By Hilary Aked
In the run up to 2010, what direction was Britain moving in and how can we progress in the next decade of the 21st century?
In October 2009, the BBC allowed Nick Griffin of the BNP to claim on television that ‘Islam is an evil religion’. Judging from the rather muted reaction this comment received, it was as if this wasn’t a particularly outrageous statement to make.
About a month after this, on November 5th 2009 three Muslim students from City University in London were badly hurt in a violent attack by a mob of about 30 people armed with metal poles and bricks. The attackers are said to have shouted ‘get the Muslims’ and ‘terrorists’.
More recently, in Switzerland, a vote to ban minarets was a wake-up call to many, highlighting just how mainstream discriminatory attitudes towards Islam had become and how often it was being unfairly singled out.
An incident at the London School of Economics in December 2009 recently offended many people, especially Muslims, after student sports players chose to paint their faces black and dress up like inmates of Guantanamo Bay – in orange jumpsuits – at a Christmas party. Their defence was that it was just ‘a bit of fun’ and was not intended to be ‘racist, religiously insensitive or demeaning’ as it was later branded by the Student Union president. But not many people were laughing.

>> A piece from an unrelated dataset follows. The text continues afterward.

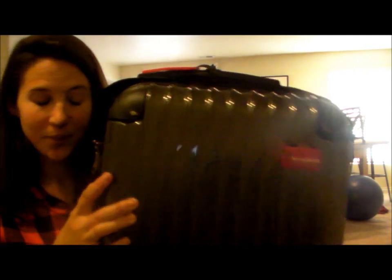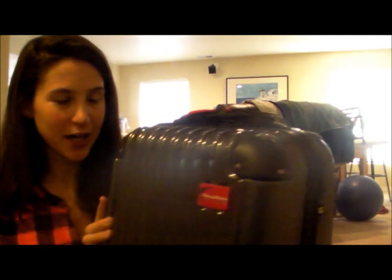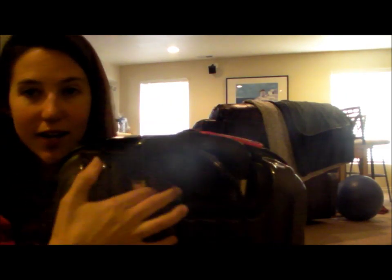Hi, this is Carissa from With Our Best Blog, and today I'm going to be talking about Thermal Strike Heated Luggage. I've never heard of such a thing, but this is actually a piece of luggage different than your ordinary because it gets zipped up, turned on by this switch in the back, plugged into the wall, and then it actually heats up to kill bedbugs.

Unfortunately, Islamophobia is clearly on the rise in Britain. And whether it is severe prejudice, or mere thoughtlessness, if we don’t challenge it, it will become accepted as a social norm.
It is in everyone’s interest that we do better to tolerate, respect and co-exist with other races, religions and ideologies. This is not only so we can hold on to the benefits of a multicultural, multi-faith society. It’s also because racism (such as attacks on Muslims – or anyone else) increasingly feeds its twin barbarism: terrorism (in the name of Islam – or anything else).
On Christmas 2009 day a former UCL student is accused of attempting to commit mass murder by blowing up a plane in Detroit.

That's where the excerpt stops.